Problem details => In the entries below, every line that contains "with" must be located and copied.

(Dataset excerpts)
-*-
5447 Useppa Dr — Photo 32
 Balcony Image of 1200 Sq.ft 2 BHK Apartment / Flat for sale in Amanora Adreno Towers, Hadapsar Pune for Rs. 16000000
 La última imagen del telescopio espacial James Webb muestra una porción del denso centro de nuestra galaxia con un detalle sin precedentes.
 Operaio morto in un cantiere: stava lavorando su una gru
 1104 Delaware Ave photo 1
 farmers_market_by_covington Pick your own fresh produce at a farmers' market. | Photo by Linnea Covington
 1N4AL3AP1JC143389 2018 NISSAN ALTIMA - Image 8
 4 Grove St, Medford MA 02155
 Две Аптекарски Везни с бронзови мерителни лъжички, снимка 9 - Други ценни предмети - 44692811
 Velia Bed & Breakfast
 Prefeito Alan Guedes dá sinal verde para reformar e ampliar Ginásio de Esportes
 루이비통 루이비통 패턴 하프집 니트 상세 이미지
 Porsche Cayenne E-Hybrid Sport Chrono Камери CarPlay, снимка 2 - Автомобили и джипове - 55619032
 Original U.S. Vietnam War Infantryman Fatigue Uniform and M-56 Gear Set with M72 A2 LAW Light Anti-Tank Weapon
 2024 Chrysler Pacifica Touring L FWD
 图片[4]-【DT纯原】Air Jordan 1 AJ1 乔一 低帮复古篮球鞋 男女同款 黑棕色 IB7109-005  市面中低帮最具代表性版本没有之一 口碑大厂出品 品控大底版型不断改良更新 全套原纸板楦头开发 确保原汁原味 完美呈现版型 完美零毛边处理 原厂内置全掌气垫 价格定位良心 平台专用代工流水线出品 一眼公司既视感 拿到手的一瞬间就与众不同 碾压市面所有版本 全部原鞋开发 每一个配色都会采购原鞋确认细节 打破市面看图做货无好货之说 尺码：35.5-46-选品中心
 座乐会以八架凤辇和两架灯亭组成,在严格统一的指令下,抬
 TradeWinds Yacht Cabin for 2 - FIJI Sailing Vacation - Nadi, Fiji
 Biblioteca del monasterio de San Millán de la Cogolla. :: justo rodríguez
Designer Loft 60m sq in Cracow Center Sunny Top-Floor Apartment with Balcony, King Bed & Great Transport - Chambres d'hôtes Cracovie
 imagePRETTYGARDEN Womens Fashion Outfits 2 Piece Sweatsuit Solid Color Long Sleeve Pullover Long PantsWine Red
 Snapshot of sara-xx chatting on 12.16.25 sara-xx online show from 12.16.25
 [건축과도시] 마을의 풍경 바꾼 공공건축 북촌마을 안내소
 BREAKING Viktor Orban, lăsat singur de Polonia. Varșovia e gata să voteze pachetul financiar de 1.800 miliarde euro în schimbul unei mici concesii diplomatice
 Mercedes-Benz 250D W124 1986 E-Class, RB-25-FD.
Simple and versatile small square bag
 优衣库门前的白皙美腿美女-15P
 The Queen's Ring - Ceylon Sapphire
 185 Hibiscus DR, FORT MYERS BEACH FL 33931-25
-*-
Task solution =>
 Original U.S. Vietnam War Infantryman Fatigue Uniform and M-56 Gear Set with M72 A2 LAW Light Anti-Tank Weapon
Designer Loft 60m sq in Cracow Center Sunny Top-Floor Apartment with Balcony, King Bed & Great Transport - Chambres d'hôtes Cracovie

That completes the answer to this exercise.